Skip to content

Theory of Mind for Explainable Human-Robot Interaction

Conference: AAAI 2026 arXiv: 2512.23482 Code: None Area: Robotics Keywords: Theory of Mind, Explainable AI, Human-Robot Interaction, VXAI Framework, User-Centered Evaluation

TL;DR

This paper proposes positioning Theory of Mind (ToM) as a form of Explainable AI (XAI), systematically evaluates existing ToM research in HRI using the seven criteria of the VXAI framework, identifies critical deficiencies (most notably the absence of fidelity assessment), and advocates for integrating ToM into XAI frameworks to achieve user-oriented explanations.

Background & Motivation

As human-robot interaction (HRI) becomes increasingly prevalent, researchers have naturally sought human-like interaction strategies to make robot behavior more intelligible. This has motivated the adoption of Theory of Mind (ToM) in HRI.

What is ToM? ToM refers to the human capacity to attribute mental states—such as beliefs, desires, and intentions—to oneself and others in order to predict and explain behavior. When embedded in robots, ToM enables robots to infer and respond to users' mental states, facilitating more natural, adaptive, and transparent interactions.
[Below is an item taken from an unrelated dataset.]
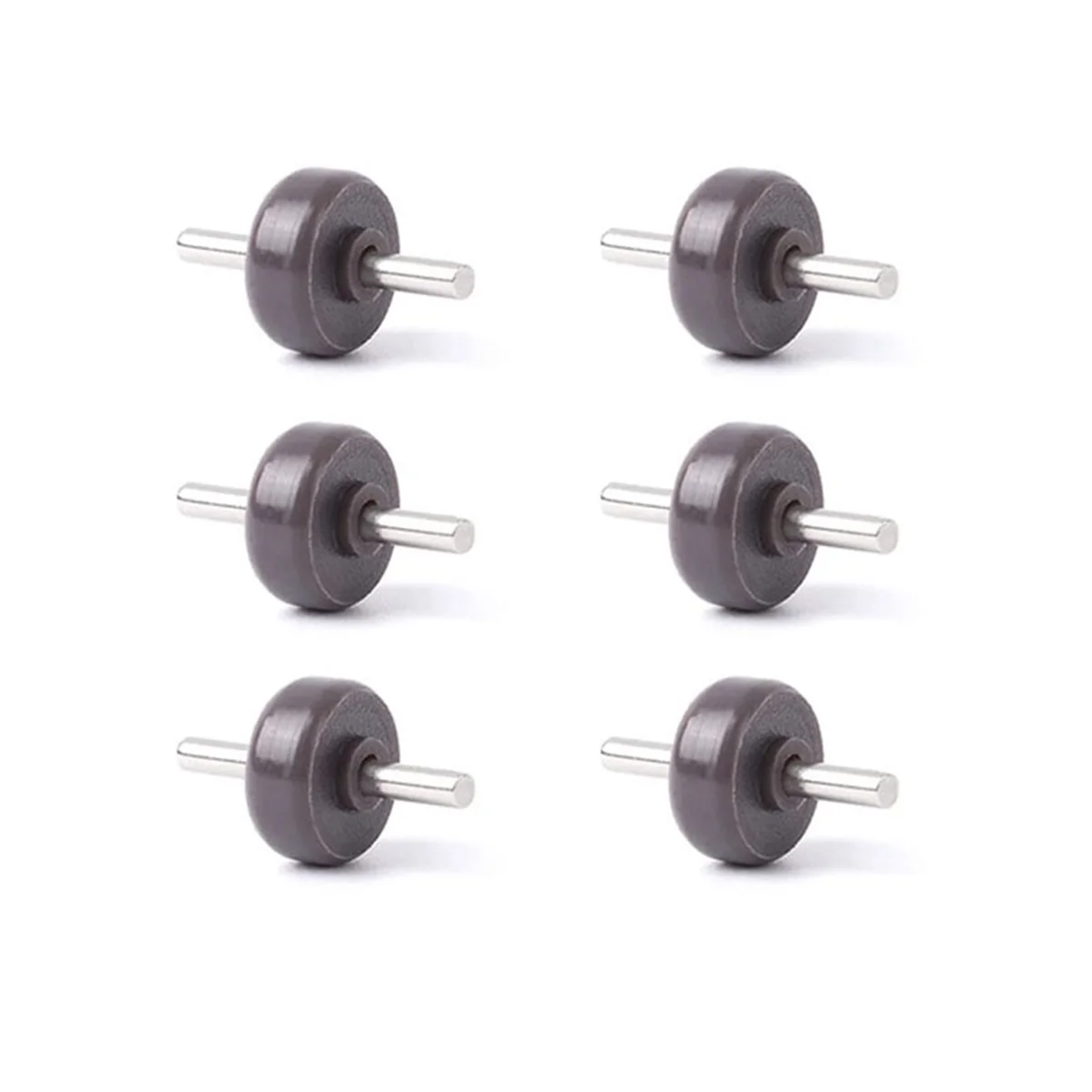 

Сменные накладки для Dyson V6 V7 V8 V10 V11 V15 DC58 DC59 DC62, 6 шт.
The Intersection of ToM and XAI: - ToM: Emphasizes understanding and adapting to users' mental states, generating more intuitive and user-friendly explanations. - XAI: Aims to make black-box models more transparent and interpretable, but often neglects user-centered evaluation.

Both share a common goal—making internal reasoning more comprehensible to humans and enhancing human-robot collaboration—yet they remain two largely separate research communities.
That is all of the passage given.